Fiery Keeper of the Hat
Moderator
Devor, this stood out to me for the ideas it prompted in me. I can't objectively disagree, but I wonder whether the true metric is "distance" in the mind of the creative or "distance" as viewed from outside that mind--i.e., by others.

So first, divergence is a tiny piece of the creativity puzzle, and I don't want the fact that we've isolated it for discussion to give it outsized importance. Again, I would say that for ideation, the key is to find ways to manipulate your prompts so that you can generate more and surprising ideas.

However, yes, divergence as a creative skill is about connecting ideas that are far apart in the mind. Going from baby to suit, with bossbaby as a shortcut, is a lot different than going from baby to suit, because seven years ago a baby spewed on your jacket and you thought, "So glad this wasn't my blazer." It may seem like a technical difference, but it isn't. Lots of people saw Boss Baby (Lord help me, I wish I could unsee it). Whatever short-distance connections you can make with that movie might seem fresh at the moment, but other people will be making them at the same time you are.

But then again, that's probably unfair because that's using Boss Baby as the example. If the connection you make is from, say, an obscure french book from the 50s, nobody else is going to be making that connection. So as a practical matter, it's fair to say that being very well read and exposing yourself to a lot of different ideas can help you to achieve similar, and probably better results. And you should.

However, it's still very important for ideation to get control of your prompts to help find more and better ideas, and to take an active role in developing your creative skills, and don't simply use exposure to many ideas as a substitute for developing your creative skills. I think that's a mistake some people make - "I read lots, so of course I have ideas...." No, you've read a lot so you have access to ideas, but that doesn't mean you're using them to the best of their potential.
 
(you say "baby" I say "suit," you go "wow that's divergent," I go "not really, the kids are watching Boss Baby behind me").

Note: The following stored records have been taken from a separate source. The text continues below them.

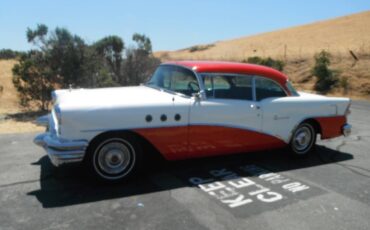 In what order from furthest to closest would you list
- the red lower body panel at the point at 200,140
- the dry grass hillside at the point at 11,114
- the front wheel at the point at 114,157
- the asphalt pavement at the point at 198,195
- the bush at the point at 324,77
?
the bush at the point at 324,77, the dry grass hillside at the point at 11,114, the red lower body panel at the point at 200,140, the front wheel at the point at 114,157, the asphalt pavement at the point at 198,195

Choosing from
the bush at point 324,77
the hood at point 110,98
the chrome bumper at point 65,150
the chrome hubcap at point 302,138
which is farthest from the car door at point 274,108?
the bush at point 324,77

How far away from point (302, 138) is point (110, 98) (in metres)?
3.34

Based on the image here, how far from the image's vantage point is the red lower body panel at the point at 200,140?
4.84 metres

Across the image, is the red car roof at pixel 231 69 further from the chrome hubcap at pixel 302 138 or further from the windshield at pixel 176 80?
the chrome hubcap at pixel 302 138

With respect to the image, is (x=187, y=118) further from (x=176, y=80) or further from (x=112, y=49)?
(x=112, y=49)

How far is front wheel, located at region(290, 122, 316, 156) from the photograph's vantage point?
20.1ft

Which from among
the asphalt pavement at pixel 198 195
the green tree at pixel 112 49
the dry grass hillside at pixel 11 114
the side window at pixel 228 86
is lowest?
the asphalt pavement at pixel 198 195

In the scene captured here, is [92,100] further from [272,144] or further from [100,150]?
[272,144]

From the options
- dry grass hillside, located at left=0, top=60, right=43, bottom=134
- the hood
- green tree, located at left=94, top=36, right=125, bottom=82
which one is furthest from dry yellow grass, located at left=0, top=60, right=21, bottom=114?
the hood

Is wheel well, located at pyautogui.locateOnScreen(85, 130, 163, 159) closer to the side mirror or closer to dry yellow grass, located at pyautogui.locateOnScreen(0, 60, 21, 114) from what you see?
the side mirror

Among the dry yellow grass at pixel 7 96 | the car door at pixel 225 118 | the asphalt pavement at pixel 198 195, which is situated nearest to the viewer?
the asphalt pavement at pixel 198 195

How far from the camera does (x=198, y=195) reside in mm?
4461

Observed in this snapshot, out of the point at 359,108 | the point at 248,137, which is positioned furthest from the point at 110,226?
the point at 359,108

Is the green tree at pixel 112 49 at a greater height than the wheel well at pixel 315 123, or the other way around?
the green tree at pixel 112 49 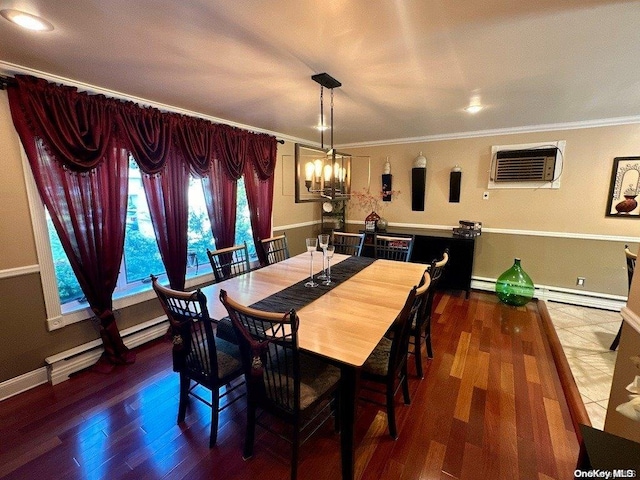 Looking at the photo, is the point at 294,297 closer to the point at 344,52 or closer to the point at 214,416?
the point at 214,416

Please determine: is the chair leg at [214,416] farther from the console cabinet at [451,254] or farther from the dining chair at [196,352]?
the console cabinet at [451,254]

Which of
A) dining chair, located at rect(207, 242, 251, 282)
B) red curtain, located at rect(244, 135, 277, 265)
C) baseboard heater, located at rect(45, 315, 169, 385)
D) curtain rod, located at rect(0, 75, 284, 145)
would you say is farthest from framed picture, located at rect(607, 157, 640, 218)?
curtain rod, located at rect(0, 75, 284, 145)

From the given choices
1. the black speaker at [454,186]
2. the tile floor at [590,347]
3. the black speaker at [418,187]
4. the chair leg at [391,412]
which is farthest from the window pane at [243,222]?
the tile floor at [590,347]

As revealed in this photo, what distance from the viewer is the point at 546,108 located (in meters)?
2.76

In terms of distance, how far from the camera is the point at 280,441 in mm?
1696

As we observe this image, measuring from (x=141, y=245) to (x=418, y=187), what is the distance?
3.67 metres

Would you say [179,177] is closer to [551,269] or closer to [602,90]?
[602,90]

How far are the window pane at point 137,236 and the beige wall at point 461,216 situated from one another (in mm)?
361

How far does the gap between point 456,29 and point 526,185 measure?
3109 mm

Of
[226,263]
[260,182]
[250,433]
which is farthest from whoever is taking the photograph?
[260,182]

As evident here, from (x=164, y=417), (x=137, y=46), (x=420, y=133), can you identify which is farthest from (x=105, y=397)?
(x=420, y=133)

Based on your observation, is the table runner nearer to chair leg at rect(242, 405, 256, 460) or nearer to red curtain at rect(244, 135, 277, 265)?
chair leg at rect(242, 405, 256, 460)

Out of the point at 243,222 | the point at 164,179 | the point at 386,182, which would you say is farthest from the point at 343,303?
the point at 386,182

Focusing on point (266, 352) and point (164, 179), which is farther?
point (164, 179) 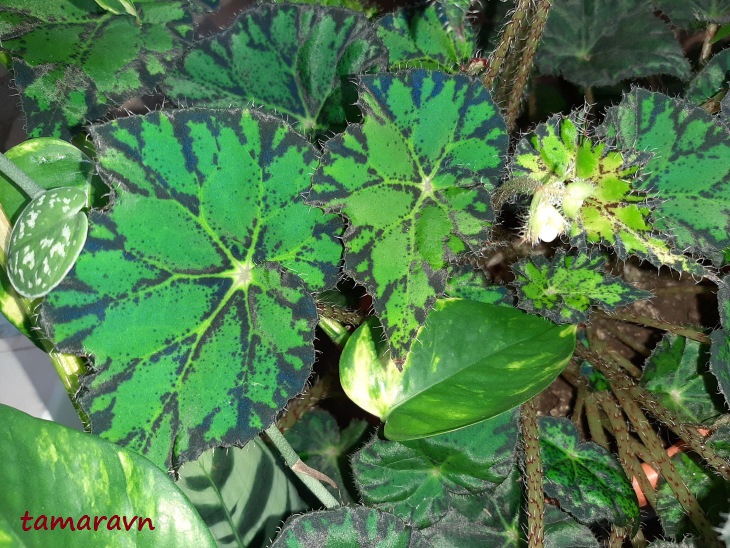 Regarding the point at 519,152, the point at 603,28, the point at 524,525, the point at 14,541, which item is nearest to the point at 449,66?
the point at 519,152

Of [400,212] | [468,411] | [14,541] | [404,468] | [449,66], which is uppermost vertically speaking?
[449,66]

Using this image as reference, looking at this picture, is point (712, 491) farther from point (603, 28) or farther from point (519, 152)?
point (603, 28)

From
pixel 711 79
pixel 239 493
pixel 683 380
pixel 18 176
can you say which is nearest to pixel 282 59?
pixel 18 176

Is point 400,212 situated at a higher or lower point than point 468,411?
higher

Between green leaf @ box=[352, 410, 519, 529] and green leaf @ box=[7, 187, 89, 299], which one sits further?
green leaf @ box=[352, 410, 519, 529]


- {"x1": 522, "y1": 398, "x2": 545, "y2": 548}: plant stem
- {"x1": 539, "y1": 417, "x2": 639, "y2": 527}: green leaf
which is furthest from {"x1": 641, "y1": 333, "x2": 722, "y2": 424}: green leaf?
{"x1": 522, "y1": 398, "x2": 545, "y2": 548}: plant stem

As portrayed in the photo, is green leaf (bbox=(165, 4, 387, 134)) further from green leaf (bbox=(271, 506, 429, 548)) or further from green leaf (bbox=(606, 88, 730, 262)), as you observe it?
green leaf (bbox=(271, 506, 429, 548))

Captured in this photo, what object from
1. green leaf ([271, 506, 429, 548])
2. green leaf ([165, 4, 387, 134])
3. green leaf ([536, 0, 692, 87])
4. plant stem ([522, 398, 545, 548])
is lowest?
plant stem ([522, 398, 545, 548]) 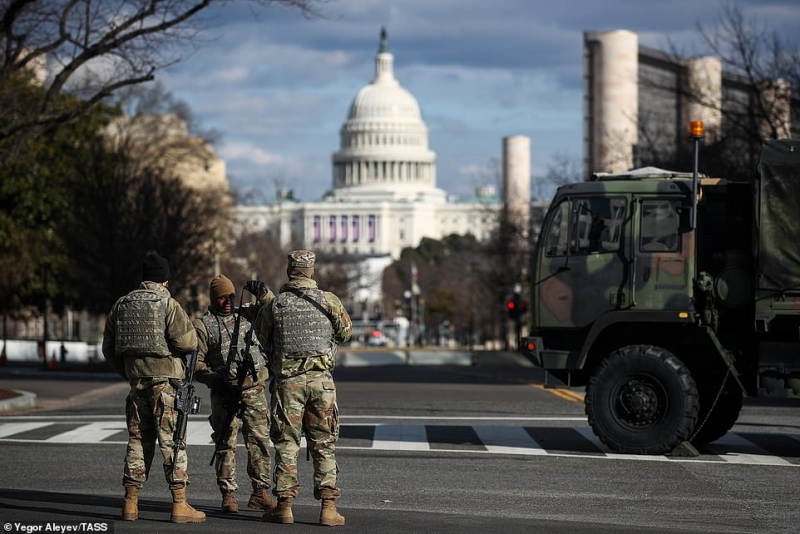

This may illustrate what I wrote before re: divergence being a description of how someone outside the creative's mind views the connection between ideas rather than how the creative views it. While this example utilizes a peculiar context to explain the short distance for the person making the connection, in the sense that Boss Baby is still freshly on his mind (or some unusual personal experience in the past etched the connection in his mind when a baby spewed on a jacket that was not, thankfully, a prized blazer), the connection is immediate. The two things are close in that person's mind—however idiosyncratic. A second person without that context or experience (or a similar experience) will see "baby" and "suit" as being distantly related or unrelated things.

Or...

That baby's going to grow up and freely adopt the prison of a business suit, one person thinks, or else be hounded and hunted by suits. —Here, I'd illustrate an issue which doesn't seem resolved. Will every two things always have "connections" available between them? Are any two things truly divergent, lacking connections or only able to be related through a long series of connections? Are any two ideas truly far apart, distant from one another?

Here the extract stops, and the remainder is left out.